Monday, September 16, 2013
4:00 PM - 5:30 PM
Memorial Union Building - Theatre I
Event Type
Academic Event
Beth Mattingly

1.       Twenty years ago, Mil Duncan and a number of UNH graduate students interviewed hundreds of people from all walks of life in three remote rural communities—in Appalachia, the Delta region of Mississippi, and northern New England—trying to understand why poverty persisted. In her book Worlds Apart, she argued that the absence of a middle class and deep divisions between haves and have-nots in chronically poor areas dependent upon coal and plantations undermined community institutions essential for providing poor children opportunities to escape poverty. A more diverse, less poor community in northern New England was not divided and invested in community institutions that served everyone.
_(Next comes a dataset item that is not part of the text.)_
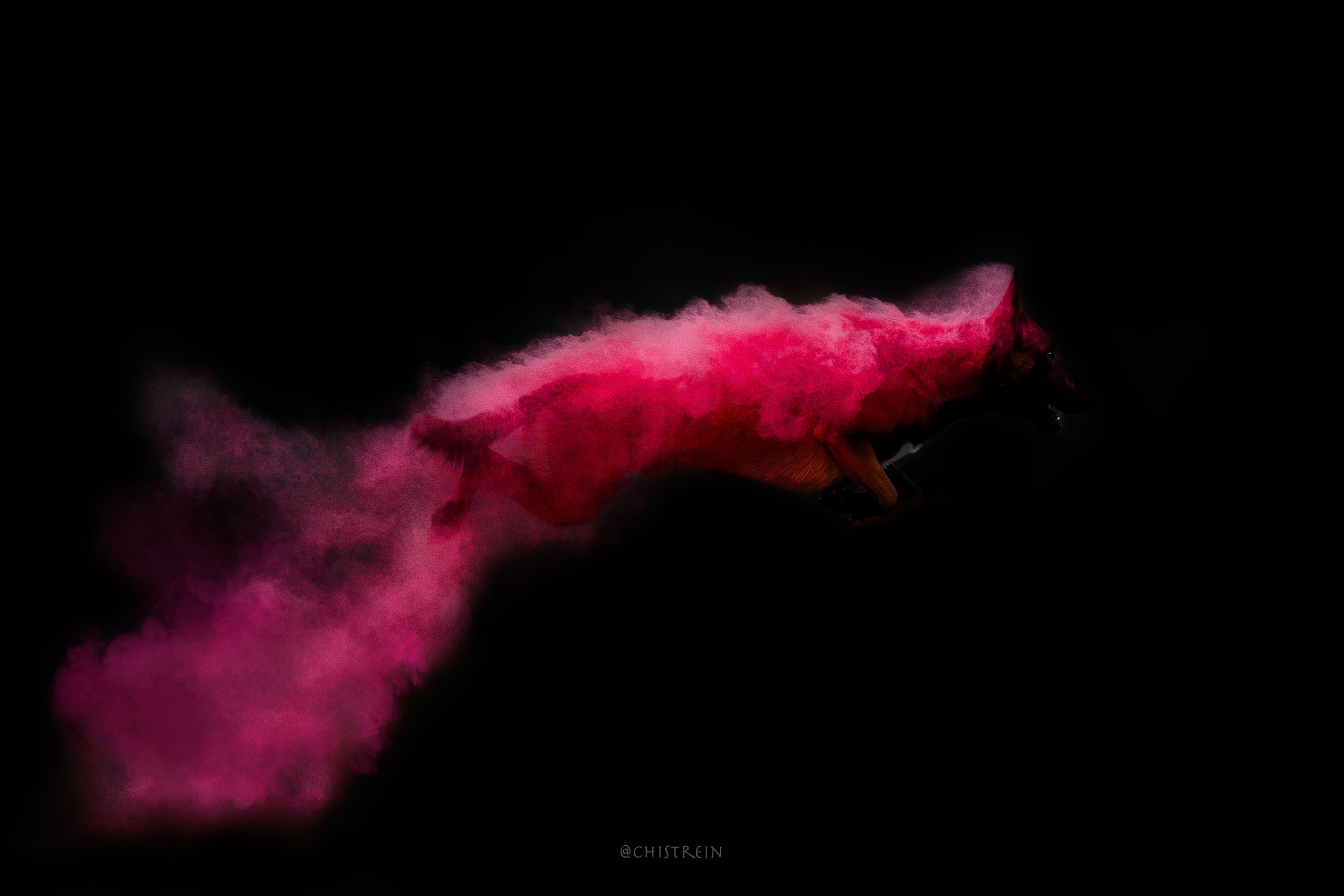 Краски холи. Малинуа Раш. Фотограф-анималист Наталия Чистюхина в г. Сосновый Бор и ЛО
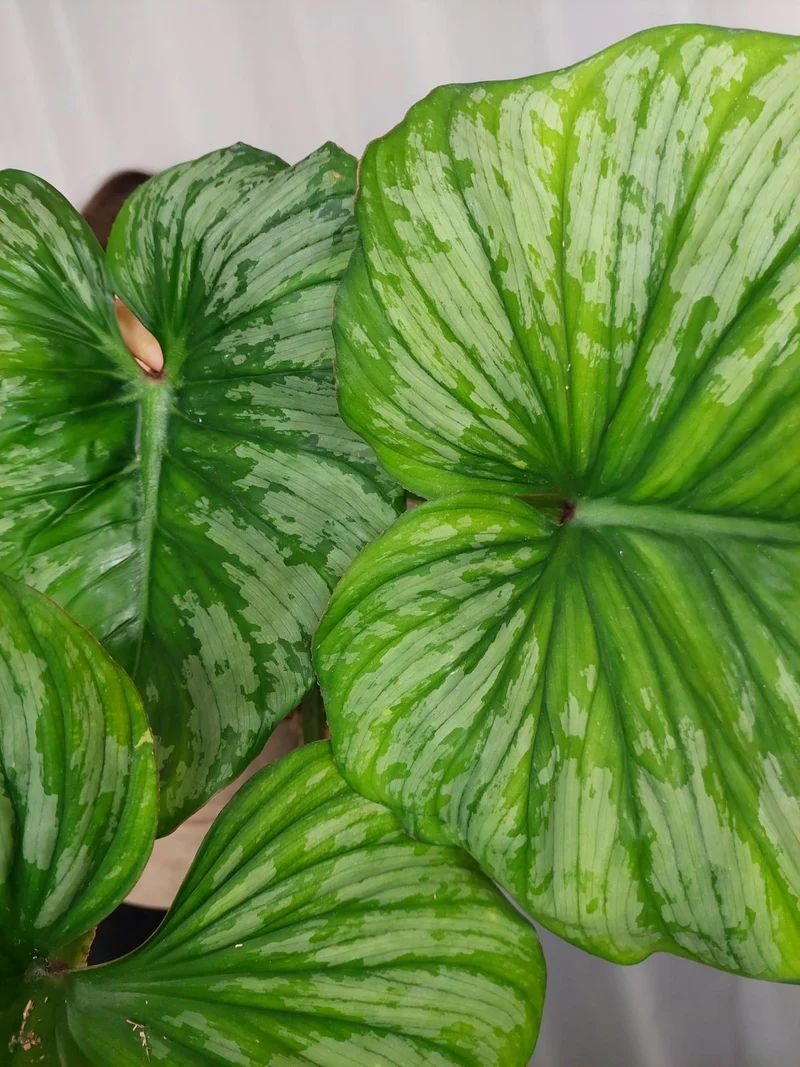 Philodendron Mamei Aurea Variegata vergrünt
This year she returned to those communities to learn what changes have occurred to update Worlds Apart for a new 2014 edition. She and graduate student Jessica Ulrich and colleague Gemma Beckley from Rust College interviewed about forty people in each place this past winter and spring, and with the help of Jessica Carson at the Carsey Institute examined changes documented in Census and other secondary data. She will talk about the very big changes they found, and consider what they tell us about alleviating poverty and building opportunity in rural communities.